The teacher said that if a certain "death rate" was attached to meth manufacture, distribution and even usage, then we'd quickly see its usage fall. He invited upon to look at this as a good thing. I demurred, arguing that such a solution would be a) stupid, b) fascist and c) unconstitutional. (I really do believe that last point, by the way. I've said before that I think Americans have a constitutional right to get as high as a kite.)

The responses were both predictable and clich├ęd:

1. With freedom comes responsibility.

Great, Spider Man, but "responsibility" doesn't mean "Oh, hey, let's shoot people who do stuff that we don't like."

2. Drug dealers are killing people.

If you mean shooting people, fine. If you mean giving them a substance that they want, that may or may not result in death, then I think we should extend this logic a bit further. Gun dealers should obviously be locked up. So should those who manufacture or sell, say, rat poison. Both are used to commit suicide or to kill others.

3. They're breaking the law.

So? There's such a dense thicket of laws in this country today that a vast majority of them can never be enforced. I'm sure we all break the law several times a week and don't even notice. The law is often an ass and nowhere is this more clear than with modern drug laws.

4. If we legalize drugs, we'll end up like Europe.

I'm no great fan of most European countries, but we should remember that a stopped clock is right 14 times a week. The problem with most European countries (if I may be allowed to put on my ugly American hat for a moment) is too much statism and too little religion, not too much freedom.

5. The War on Drugs is too constitutional.

No it isn't. The Constitution nowhere grants the government the kind of powers that it needs to prosecute such a war. The Bill of Rights gives the people all kinds of vital checks against government intrusion that should frustrate attempts by the state to try to control our, um, precious bodily fluids. Most of the founders--who were most definitely not teetotalers--would be aghast at the kind of violence meted out by the government to enforce bizarre social norms. The prohibitionists knew that it was necessary to pass the disastrous 18th amendment in order to ban booze. The drug warriors should be forced to offer an amendment of their own.

6. There isn't good scientific research on the effects of many drugs, including pot.

To the extent that that's true, the lack of research wouldn't have anything to with the fact that the U.S. government tends to prohibit such experiments on the grounds that testing involves the consumption of illegal substances, would it?

7. Because of insurance and partial public funding of healthcare, we'll end up paying for drug abuse with higher premiums and higher taxes.

Response number one: So let's ban guns, SUVs and eating fatty foods. In fact, let's ban freedom. In terms of health costs, it can get pricey.

Response number two: There are already public costs associated with the drug war--unsavory violence prone types running drugs, super concentrated products being cut with possibly toxic substances, etc.--that would be taken off of the ledger if drugs were legal. This could, conceivably, produce savings for taxpayers, even with an increase in emergency medical treatment.

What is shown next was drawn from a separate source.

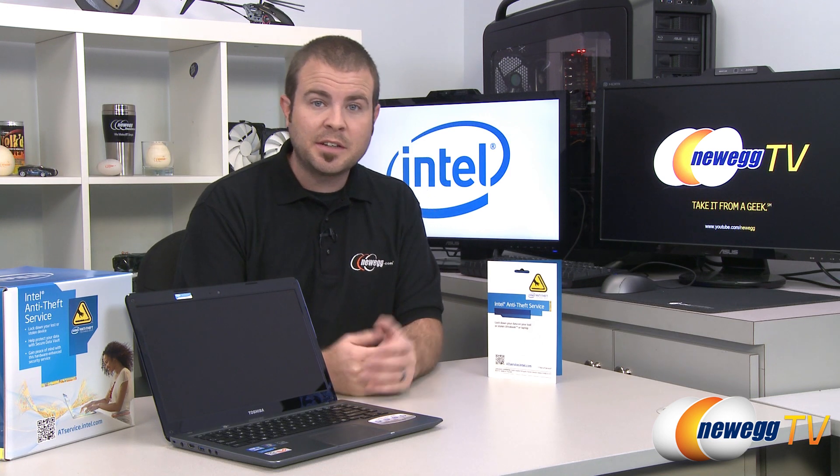Hi everyone and welcome to Newegg TV. My name is Paul and today's video is all about an unsung feature of the Intel Ultrabook.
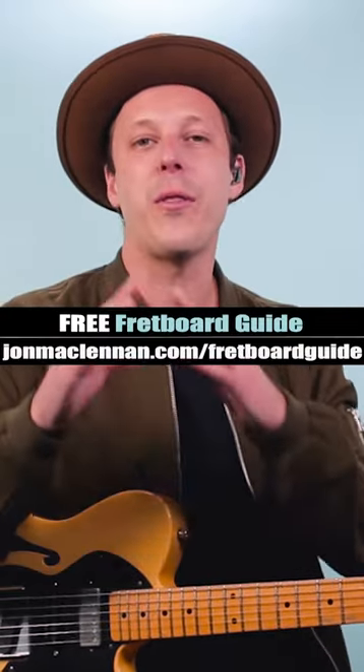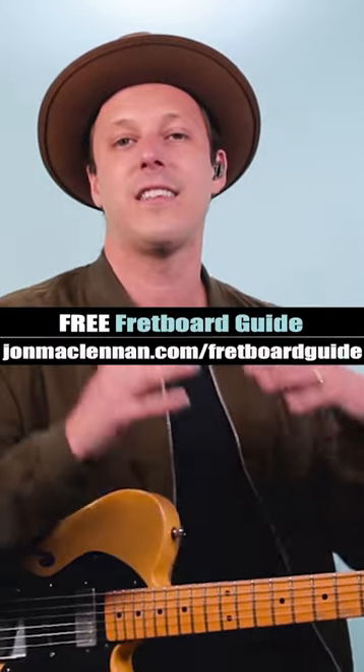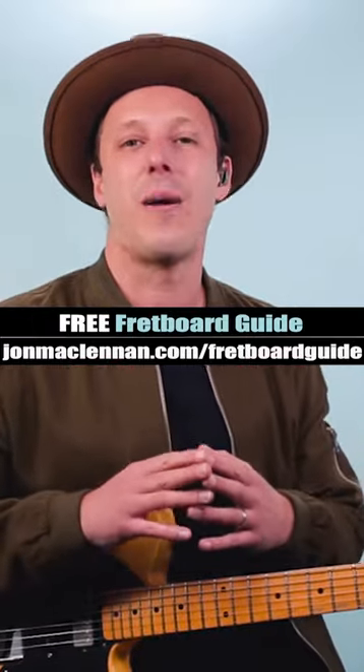Now this riff comes out of something called the pentatonic scale. If you want to learn the secret to unlocking this anywhere on the neck, grab my fretboard guide — link in the description and pinned comment.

8. What about the children?

I agree with many conservatives and some libertarians that children present a problem for legalizers. But, again, the drug war currently has many negative effects on children--including, for instance, more drug-related violence in urban areas, or education that teaches children to rat out the recreational drug use of their parents--that could be diminished if drugs were legalized. It wouldn't be a panacea but, then, neither is the current arrangement.